Full Fact - fact checking #i3rgu

Today's keynote, earlier this morning, from the i3 conference at RGU in Aberdeen. was Amy Sippitt (Research and Impact Manager, Full Fact)
Sippitt started by talking about how a false statistic about the percentage of people aged under 18 who were engaged in knife crime, and how this overestimate (roughly doubling) led in the end to a law being introduced. There were lots of opportunities for the office of national statistics or government departments to correct the statistic, but they did not. This false information had serious consequences.

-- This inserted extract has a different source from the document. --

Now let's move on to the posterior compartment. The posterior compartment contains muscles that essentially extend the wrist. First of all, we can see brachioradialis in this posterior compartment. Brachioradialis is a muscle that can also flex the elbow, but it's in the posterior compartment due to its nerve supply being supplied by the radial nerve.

Full Fact started in 2010, inspired by a fact checking organisation in the USA. However, they felt that fact checking on its own would not work. They therefore adopt a carrot and stick approach, involving, for example, working with organisations to help prevent false information being disseminated, and (the “stick”) pressuring for correction. Incorrect information may be sometimes a result of the unhelpful presentation of statistics etc. in, for example, national statistics. They have found responses to these pressuring have improved from months to hours, due to Full Fact’s persistent work.
Sippitt described their reaction to the surprise announcement of the UK 2017 general election: to get out out high quality fact checks, work with partners in getting out correct information, and strategic interventions in areas that had been problematic in the past. They have lobbied for changes to the purdah rules that restrict information given out by the government during an election period, as this can also be a barrier to disseminating correcting information. Full Fact reacted to key stories where facts would correct/ illuminate issues (e.g. “the dementia tax”) and paid attention to the places where people get their news, notably social media. They found that graphics were more effective than videos in conveying information.

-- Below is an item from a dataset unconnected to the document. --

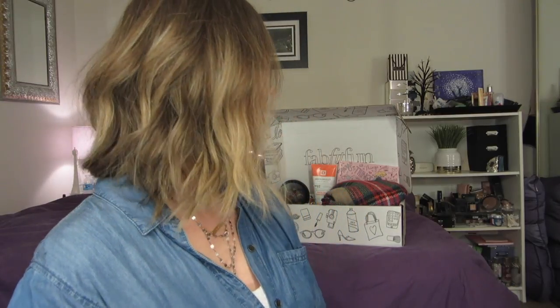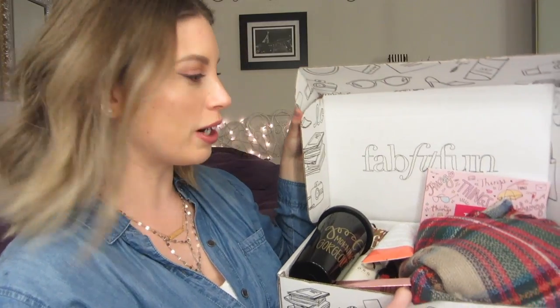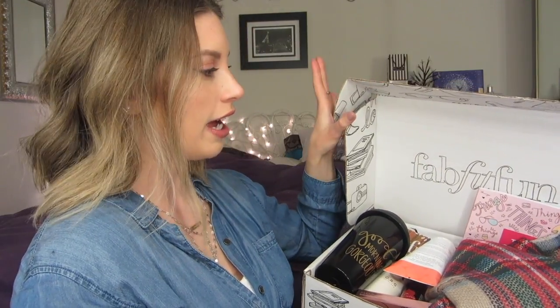Hey everyone, welcome back to my channel. Tonight I am doing a review and a breakdown in Canadian dollars of my very first FunFit Fab box. This is my first time subscribing to them. I was subscribed to Ipsy for almost two and a half years and I just recently switched over. I thought I would come on and do a video because I am very impressed with this box and everything that's in it.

For a key TV debate they were based in the studio, tweeting and blogging to provide a factual commentary. They have developed a fact checking tool which also enabled them to generate informative tweets very quickly to respond to things under discussion.
The number of fact checking organisations has grown, throughout the world. Sippitt felt that they were relatively lucky in the U.K., since they have access to officials and official sources, whereas in other countries the fact checkers may have less access and cannot have the same relationship with official organisations.
Full Fact would like to know more about the people i.e. the general population, who they want to influence. There is research evidence that people are misinformed about some issues, that people don't trust politicians, and may end up choosing between total faith and total cynicism.
Sippitt went on to list some research questions they would like to investigate. At the moment there was research whether we change our minds, but there were a lot of research gaps. A lot of the research was carried out in North America, which obviously may not transfer to other countries and cultures.
They wanted more research on: how Full Fact can best communicate; how Full Fact can demonstrate their credibility; how people consume information e.g. what makes people share their work, why do people get interested in fact checking, how can they reach people who are not currently interested; Full Fact’s impact on the people they fact check e.g. are they changing their behaviour.